A présent, il comprenait ça, et comprenait du même coup son erreur. Le peuple d'Hyrule n'avait pas eu de général depuis des lustres. Ces gens ne pouvaient interpréter son enfermement au château que comme une oisiveté, une paresse digne de ses nobles qui laissaient Hyrule couler petit à petit, par peur de trop perdre de leurs privilèges. Il fit signe à l'un des officiers de le rejoindre, et ordonna,
« Otez donc ces fers. Ils ne sont pas dignes d'elle. »
Llanistar ne pouvait avouer à Katrina ô combien elle l'avait aidé, avec ses quelques mots. Mais cela, elle pourrait le comprendre. De plus s'être pensé, ne serait ce que quelques instants en tyran, rendait insupportables ces chaînes.
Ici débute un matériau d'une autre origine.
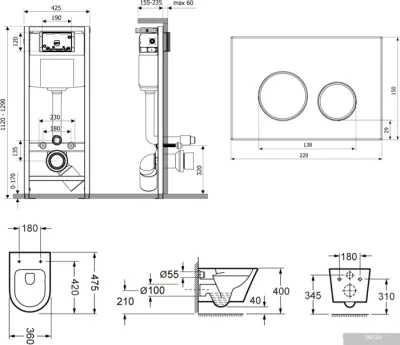 Унитаз Lavinia Boho Biore Compacto Rimless 7 в 1 87040092 (черный пластик)
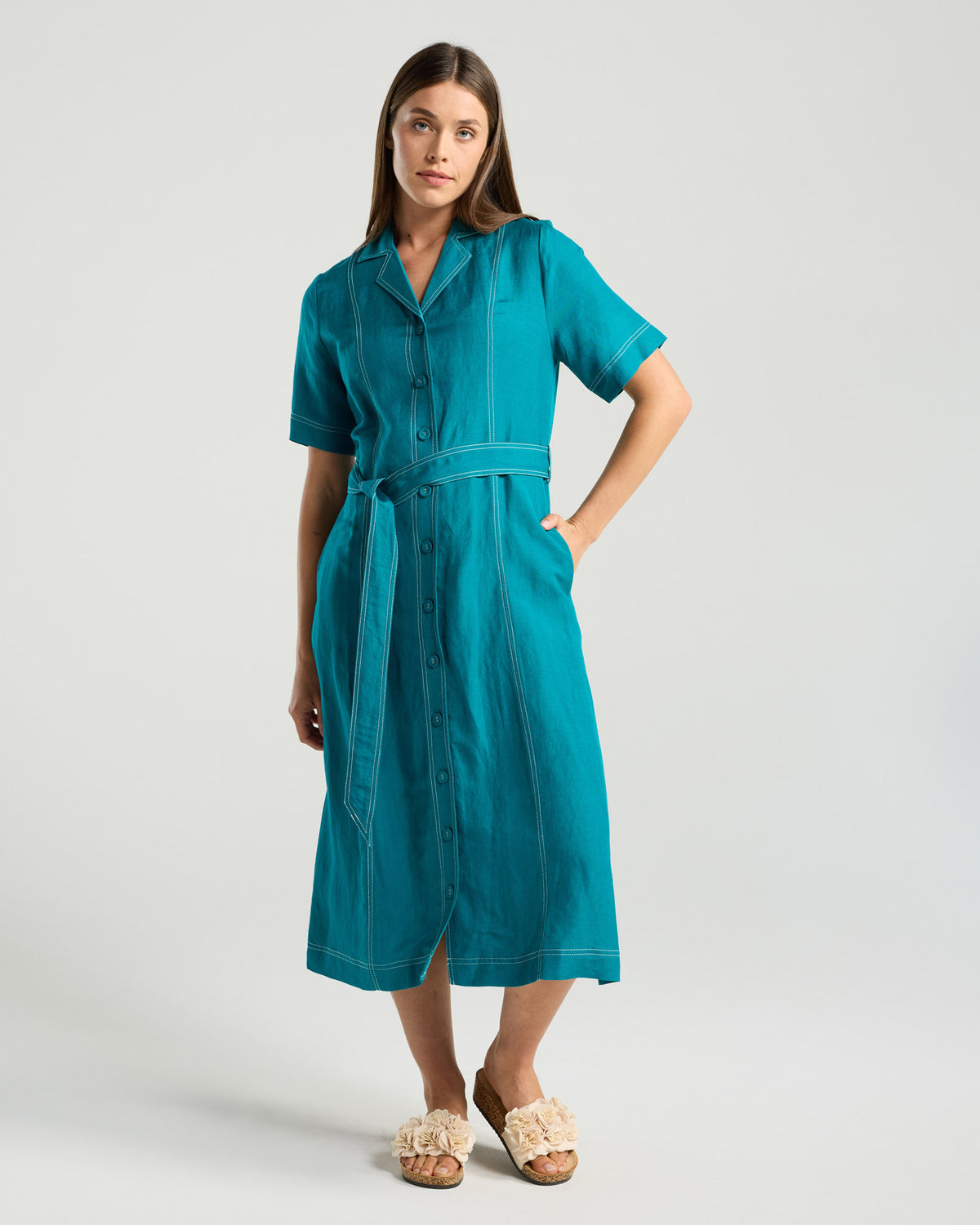 Martina Contrast Stitch Shirt Dress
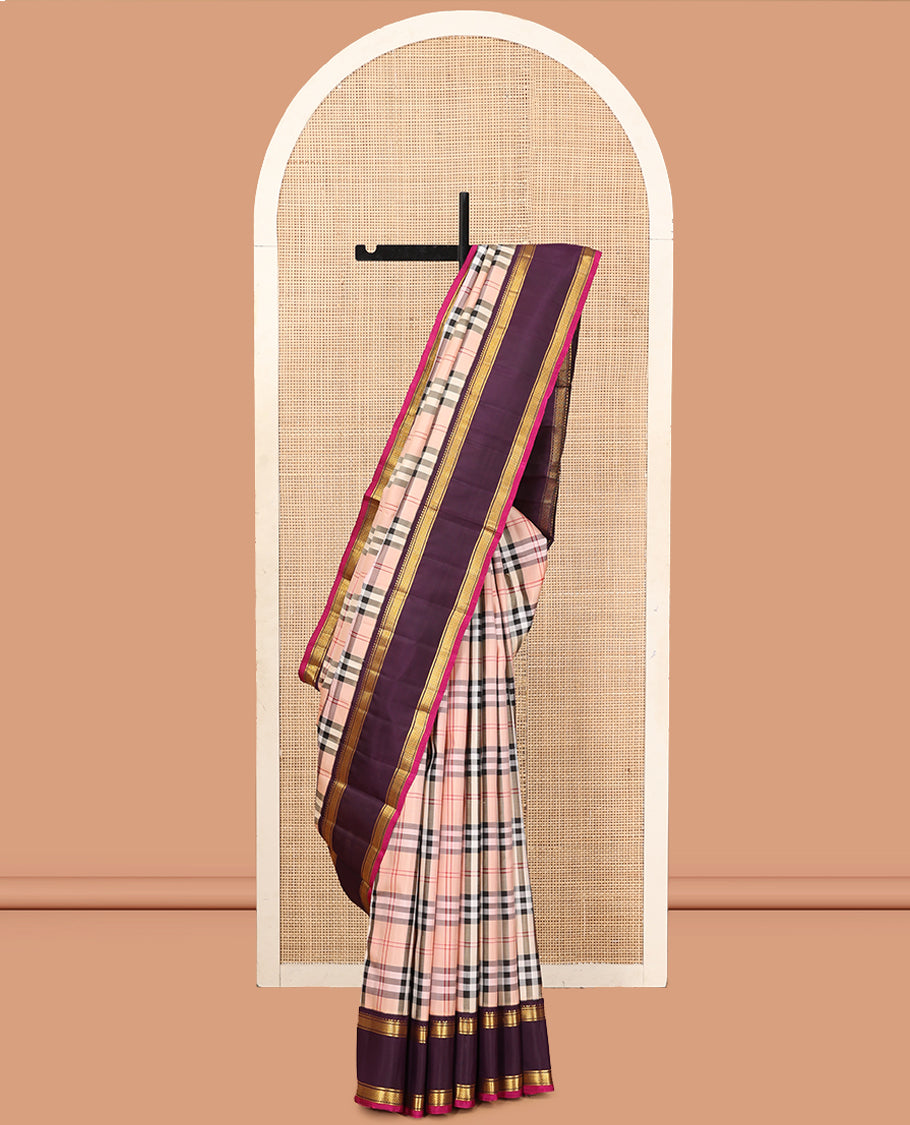 Beige Burberry Checked Kanchipuram Silk Saree, Complemented by a Contrast Rettai Pettu Korvai Border of Rekku, Banaras, Kuyil Kann, and Vanki Designs, Zari Design Pallu, and a Contrast Blouse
Cela n'était pas sa manière de faire, d'être. Il aimait convaincre, persuader. Pas forcer par l'acier ou la souffrance. Lorsqu'il répondit à la jeune femme, il ne se laissa pas aller à l'émotion mais le ton avait changé.
« Vous n'êtes pas ici et n'y serez jamais pour ce qui a été ou sera écrit dans votre journal. Ce n'était pas le général qui avait besoin de réponse... Mais moi. Llanistar, celui que beaucoup oublient. Il soupira, Je ne suis qu'un homme, ni un ange ni un dieu. Au retour de la citadelle, j'ai prêté serment de protéger la princesse Zelda et son peuple. Dés lors, jamais un jour n'est passé sans que j'agisse dans ce sens. Je me suis parfois refusé de dormir, souvent de manger. Depuis des mois je travaille à l'édification d'une armée capable d'agir comme un rempart contre l'envahisseur. Et pourtant, il m'est arrivé une unique fois de ne plus m'en croire la force. Ce soir là, j'ai bu à ne plus en savoir où j'étais. Ce fut le jour où j'ai lu votre journal. Je ne demande pas votre soutient, Katrina, vous êtes libres et je souhaite que vous le restiez. Mais vos mots ont faillit me décourager, me faire retourner d'où je viens. Je...J'ai sans doute sous estimé le symbole que je représentais auparavant. Mais me couper du peuple, je ne l'ai jamais voulu. Je pensais que le bien du royaume l'exigeait. A présent je comprend que je me trompais. Je devais vous le dire, faites en ce que vous voulez. »
Llanistar commençait à se sentir mieux. Ces mots avaient besoin de sortir de son esprit, d'être entendus pour ne plus le faire souffrir. Il n'en avait pas fini avec Katrina, mais cet échange le fit aller mieux. Il tira une dernière fois sur sa pipe avant de l'éteindre, au cas où la jeune femme n'apprécierait pas l'odeur du tabac. Puis il reprit,
« Pour en revenir à ce qui vous a conduit ici, Katrina, je vous déclare innocente. Il marqua une pause afin de lui laisser assimiler la nouvelle, Il est clair que vos intentions étaient bonnes et vous n'avez pas tiré. Donc, vous n'avez commit aucun crime. Néanmoins, je ne saurais trop vous recommander de ne plus agir en solitaire. Hyrule a besoin que nous nous entraidions, pas que nous nous tirions dans les pattes ! Nombreux témoignages évoquent la bravoure de ces "Rédempteurs". Mais en agissant par eux mêmes et sans en informer la Couronne, ils mettent le pays en danger. Katrina Skara, si vous êtes en contact avec eux, essayez de les raisonner. Je ne désire pas leur tête ni même les voir en prison. Je veux travailler avec eux, pas devoir les chasser comme des criminels. Bien. Si vous me promettez de faire passer ce message et que vous n'avez plus rien à ajouter, vous êtes libre. »
Llanistar tendit sa main de chair, attendant la réaction de la jeune femme.